It feels like they have it all down to a science, which makes it all the more incredible that it’s their first attempt at the genre. Most studios, even those with years of experience in the genre, never approach this level of inventiveness. Sure, it’s easy to find the points of reference. “Metroid Prime,” H.R. Giger, “Solaris.” But the true sign of an inspired work is that ability to seamlessly fuse a pool of interesting influences into something that feels entirely of itself, and “Returnal” pulls that off in a way that feels almost effortless.
Unfortunately, “Returnal” fails to reach that level of inspired creation with its protagonist Selene’s emotional arc. It’s refreshing to see a game with a slightly older lead, especially a woman, as we’ve seen many middle-aged dad stories pop up in gaming like the recent “God of War,” but very few stories about women at that same stage in life. But Selene is a character that never quite grapples with the conflicting forces acting upon her character. She feels too detached from the horrors surrounding her, and her surprisingly aloof tone and occasionally awkward writing can make it tough to empathize with her struggle.

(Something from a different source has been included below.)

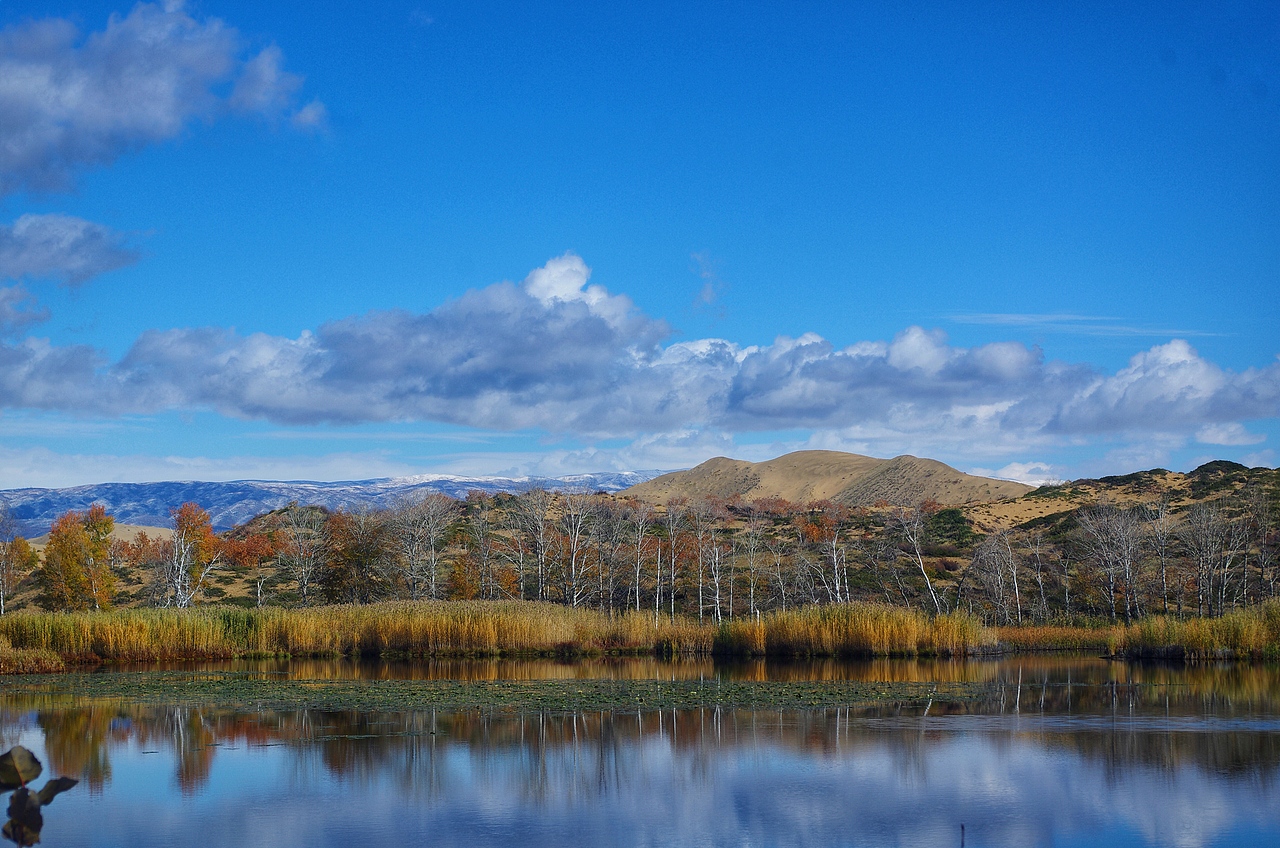 北疆秘境|秋色刚好，冷而不寒（图ZMTQzNTQwMzQ4） - 风光摄影 - 站酷设计师suki1011原创素材 - 站酷ZCOOL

Much more interesting is the game’s real main character, Atropos, the alien world Selene crashes on. In the course of her work as a privateering astronaut employed by the ASTRA Corporation, she’s drawn by a strange signal to the planet’s surface. It’s a clichéd setup that doesn’t begin to hint at why it’s a delight to unfurl the planet’s mystery, to discover why it traps Selene inside the game’s never-ending cycle of death and rebirth. Discovering the nature of Atropos’s life forms and the truth behind its crumbled ancient civilization keeps “Returnal”’s narrative fresh and rewarding.
Its enigmatic final arc is sure to prove controversial, but it would be a mistake to tie a story about the unknowable void of existence into a neat little bow. Housemarque respects the audience enough to avoid spoon-fed answers. The narrative’s main strength is that it gives the player space to dream, to fill the gaps of Selene’s consciousness and memory with their own imagination. It respects the mechanics of mystery.
“Returnal” has also found itself in the position of quietly becoming the most impressive showcase so far for the PlayStation 5’s set of hardware features. The haptics add a sense of texture to Atropos’s strange grinding machines, while adaptive triggers actually serve an important gameplay function, intuitively switching between weapon fire modes.
The swarm of stunning particle effects (always a Housemarque staple) and smooth 60fps refresh highlight the GPU advantage over PS4, while the SSD is showcased by the game’s near-instant scene transitions and teleportation between biomes. Even the game made for the specific purpose of showcasing those features, “Astro’s Playroom,” didn’t quite go this far in organically incorporating the console’s hardware features into its world.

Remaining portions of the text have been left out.